David Gandy’s tailor-made Jaguar XK120 offers an impressive mix of classic and contemporary

Having already driven one on the open road at the motorsport endurance race Mille Miglia in 2013 and 2014, David Gandy’s desire to own a classic Jaguar XK120 of his own led to the British male model approaching the experts at Jaguar Classic to see what he could do. Presenting a brief to have the vehicle both road and race ready (for events such as the Jaguar Classic Challenge), Gandy worked closely and collaboratively with the team at Jaguar’s Classic Works facility in Warwickshire, spending the last 11 months refining the car of his dreams.

For starters, the dedicated Jaguar team managed to track down a suitable 1954 base car in California, in an effort to retain as much of the original, classic appeal as possible, before getting to work on the technical elements. Achieving the racing brief by enhancing the six-cylinder unit from the original 180bhp output to 225bhp, Jaguar used steel bracing for the core plugs to keep everything in place during high-performance driving, while fitting the all-new exhaust system with dual pipes instead of the usual one.

The car’s gearbox is, of course, catered to racing, with faster-shifting capabilities, and brakes that have been uprated — disc brakes with four-pot callipers in the front and original refurbished drum brakes in the rear. Able to be fine-tuned for specific events, the suspension features fully adjustable dampers, too.

The design phase is where Gandy stepped in, working with the team every step of the way. Finished in 13 litres and four coats of paint, the car’s exterior is rendered in solid black and has had a number of sleek features added, including a racing-inspired flip-top fuel cap. The interior, just as unique, is finished in an Aged Saddle tan leather and, in keeping with the retro aesthetic, the seats feature a bespoke lattice design with aluminium seatbacks.

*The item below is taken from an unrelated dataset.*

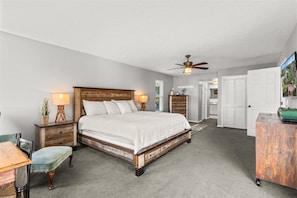 3 bedrooms, WiFi, bed sheets, wheelchair access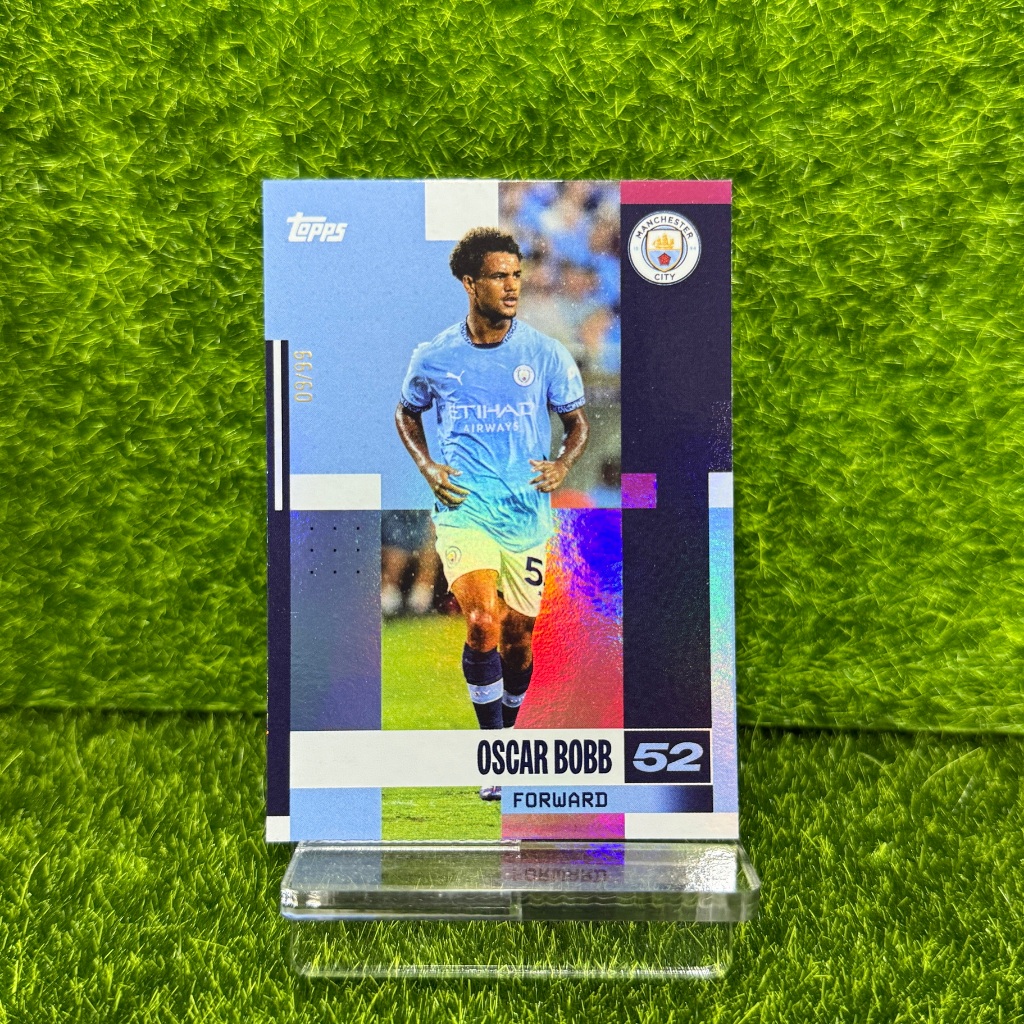 RUN /60 Oscar Bobb TOPPS Man City Team Set Pink Refractor #23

In order to increase the comfortability of the compact automobile for the 6ft 2 Gandy, Jaguar made a couple of adjustments. The battery, which there would usually be two of, both situated behind the driver’s seat, was instead compacted into one unit and placed behind the passenger’s seat while the steering wheel was fashioned to be smaller than normal.

“…The team at Jaguar Classic have done such a remarkable job engineering this car and executing everything that I asked for,” says Gandy, “it was amazing to have such an in-depth involvement in its creation.” The process of developing this incredible car showcases the expertise, superior skill and craftsmanship that Jaguar offers all of its customers. Head of Jaguar Classic Calum McKechnie explains, “…not only were we able to bring this iconic sports car back to life mechanically but the attention to detail and the bespoke design of the interior sets David’s car apart.”